Gerbang ini sempat ditutup semasa pertikaian dua adikuasa. Ketika revolusi 1989 terjadi dan Tembok Berlin runtuh, Gerbang ini menggambarkan kebebasan dan keinginan menyatukan Kota Berlin. Tanggal 22 Desember 1989, Gerbang Brandenburg dibuka kembali dengan Helmut Kohl, Kanselir Jerman Barat, berjalan melaluinya dan disambut oleh Hans Modrow, Perdana Menteri Jerman Timur.
Tidak jauh dari gerbang itu, terbentang jalan Unter den Linden yang arti dalam bahasa Inggrisnya Under The Linden Trees. Jalan ini terkenal dengan pohon Linden yang tumbuh di sepanjang jalan. Di sisi kiri dan kanan jalan ini banyak terdapat pertokoan dan pusat cinderamata. Jalan ini termasuk salah satu pusat keramaian yang menjadi rute para wisatawan.
Ini hanya sebagian kecil dari cerita menjelajahi Berlin dengan berjalan kaki. Ada yang unik dari kota ini yaitu bagaimana mereka sangat menghargai sejarah dan mengemas suatu kenangan teror yang mengerikan menjadi sebuah peluang wisata yang luar biasa. Apapun yang terjadi di masa lalu tidak mereka bumi hanguskan. Mereka memandangnya tidak dengan cara pandang negatif dan amarah, melainkan dengan sudut pandang positif menghargai sejarah.
Arya
===
Tips Perjalanan Lintas Negara
Koper hilang dalam perjalanan bukan cerita baru. Dari pengalaman penerbangan London – Amsterdam – Berlin yang lalu, koper tersebut sebenarnya tidak hilang. Koper hanya tertahan dalam penerbangan sambungan Amsterdam ke Berlin. Hal ini bisa terjadi karena ada keterlambatan penerbangan dari London ke Amsterdam yang berdampak pada keterlambatan proses transfer bagasi.
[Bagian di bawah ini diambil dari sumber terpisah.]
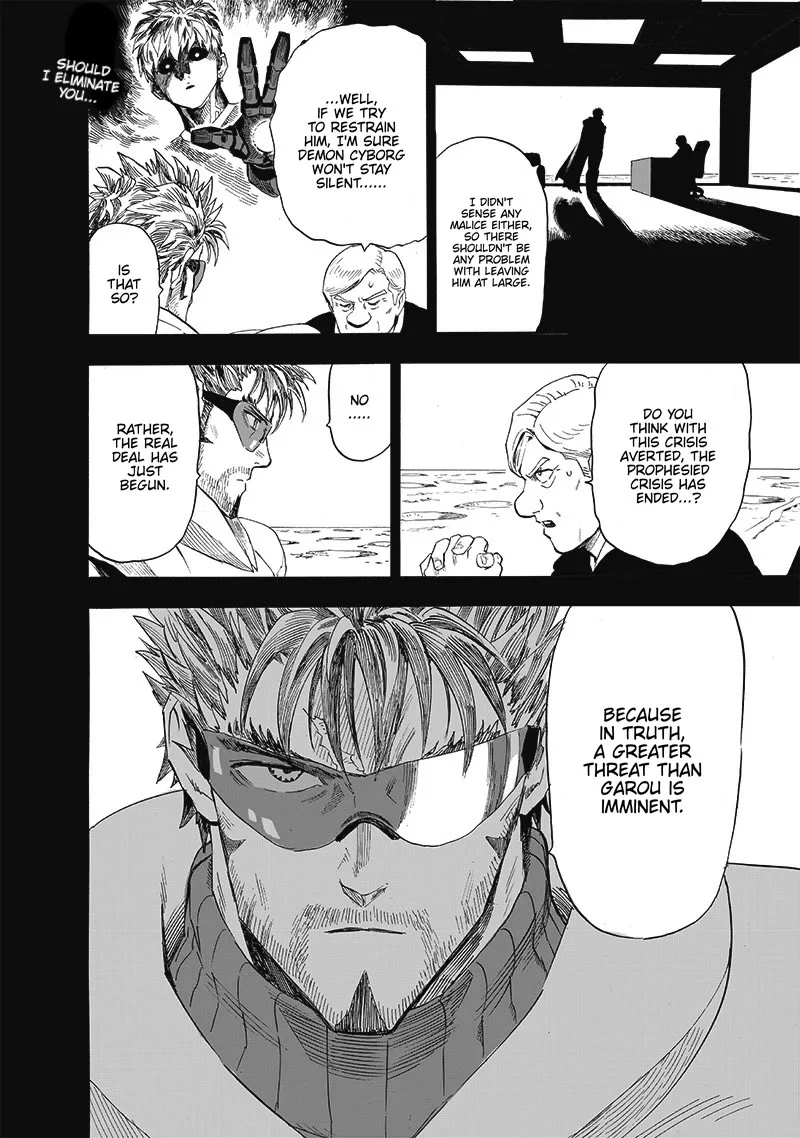 Read One punch Man Manga Online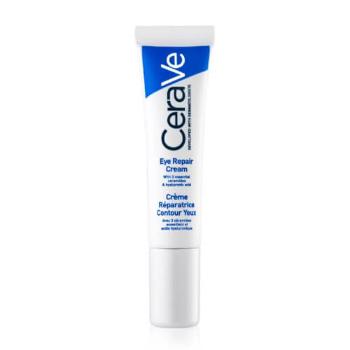 CeraVe Cremă de ochi împotriva umflăturii și a cearcănelor Moisturizers (Eye Repair Cream) 14 ml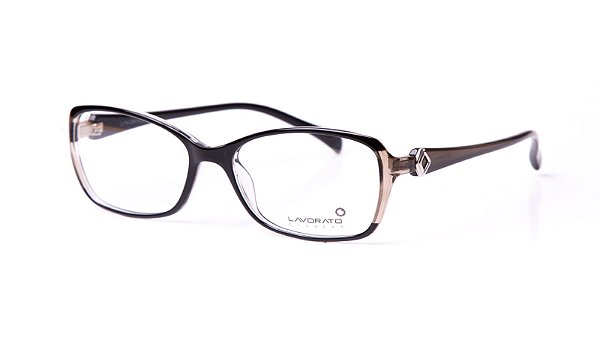 Armacao 31008-2931 Preto/castanho Transl Bri Lavorato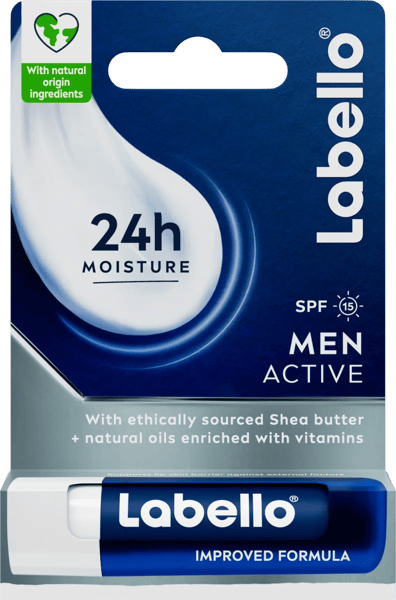 Labello Active for men 4,8g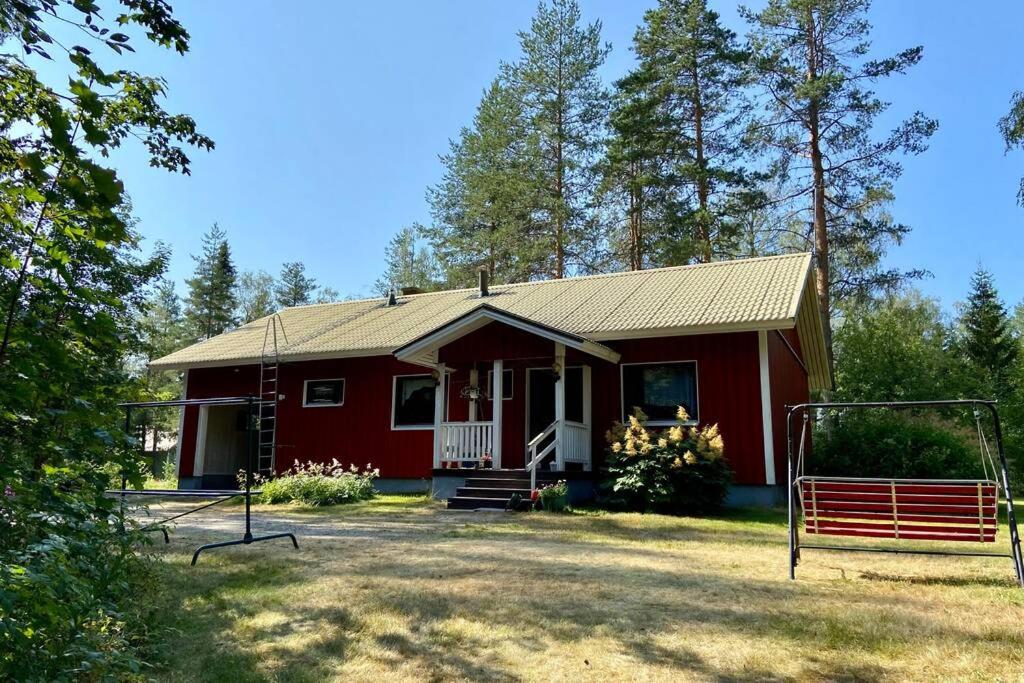 Lepikko - Helppoa majoitusta, Easy accommodation - Bed and Breakfast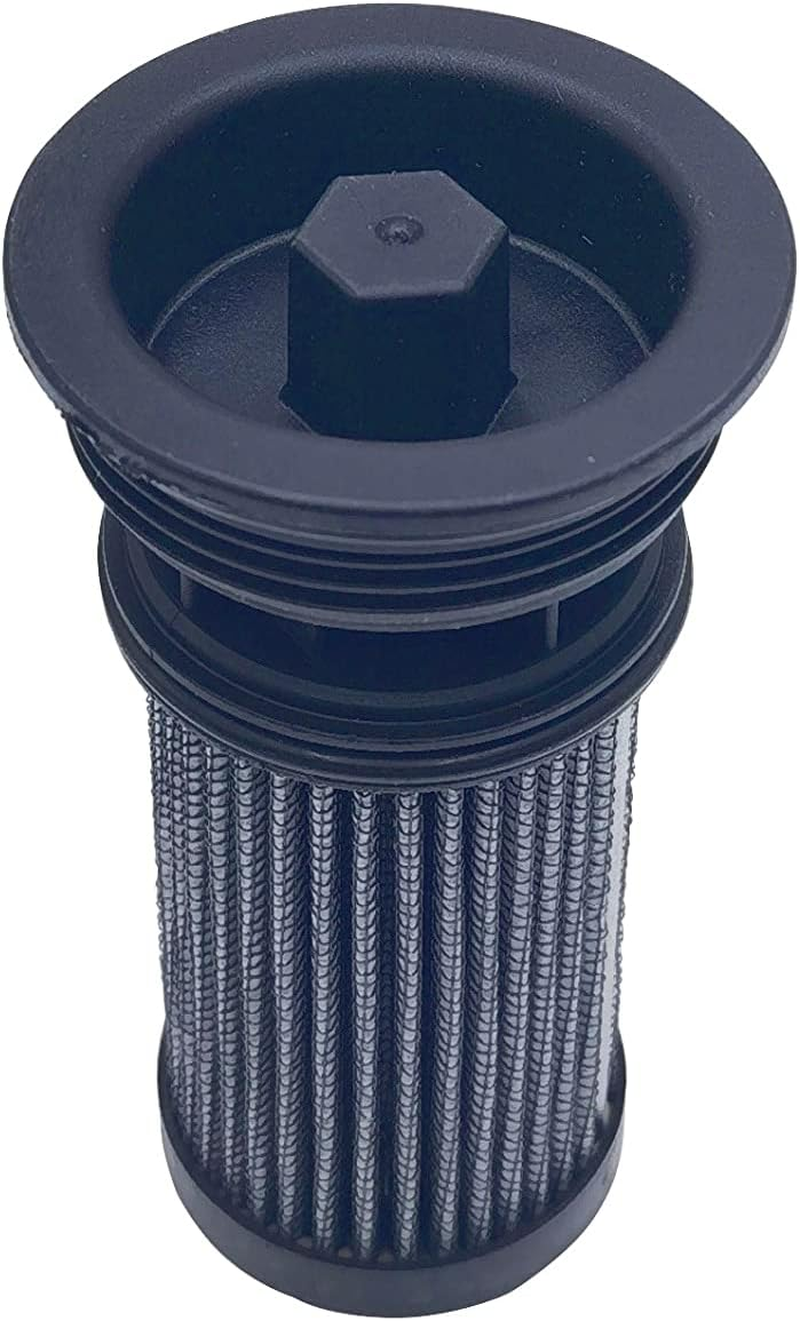 TENOMAL 2 Pack 117-0390 Hydro Filter Hydraulic Filter Element Replace Toro 117-0390 Exmark 116-0164 Rotary 15907 Fits Exmark Zero Turn Lawn Mower Parker Lazer Z as E Series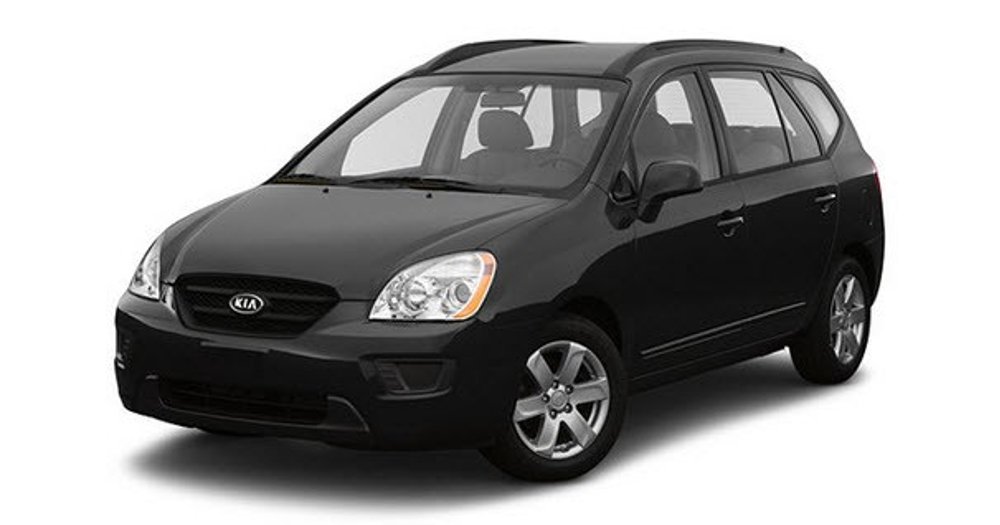 Kia Rondo 7 UN (2008-2013) reviews | ProductReview.com.au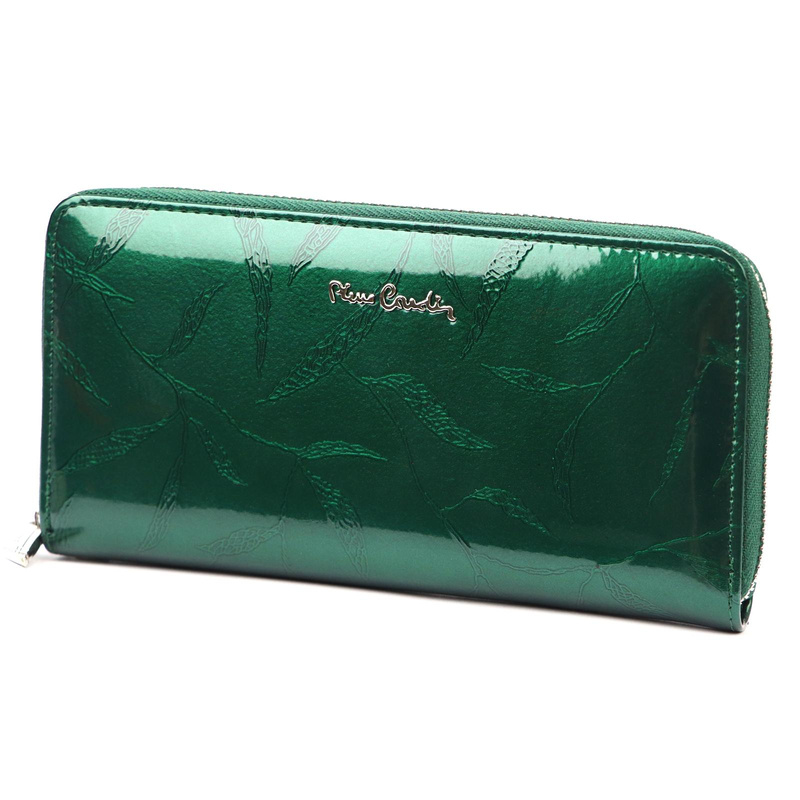 Skórzany damski portfel Pierre Cardin 02 LEAF 119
Menghadapi situasi seperti ini, ada beberapa tips yang bisa dilakukan:
- Setibanya di airport dan menyadari bahwa koper tidak muncul di conveyor belt di bandara, segera hubungi bagian lost and found maskapai penerbangan yang kita gunakan
- Petugas maskapai akan membantu mencari koper yang hilang berdasarkan kode bagasi yang diberikan kepada kita saat check in di bandara asal.
- Petugas maskapai biasanya akan memproses pencarian dan mengirimkan ke alamat tempat kita menginap di kota tujuan. Untuk itu, penting untuk membawa alamat lengkap tujuan bersama kita. Biasanya proses ini memakan waktu 24 jam.
- Petugas maskapai akan memberikan satu paket toiletries dan pakaian dalam untuk ganti sementara.
- Tas yang dibawa ke dalam kabin sebaiknya berisi barang-barang berharga, dokumen penting, dan beberapa potong pakaian ganti sebagai antisipasi jika persoalan ini terjadi.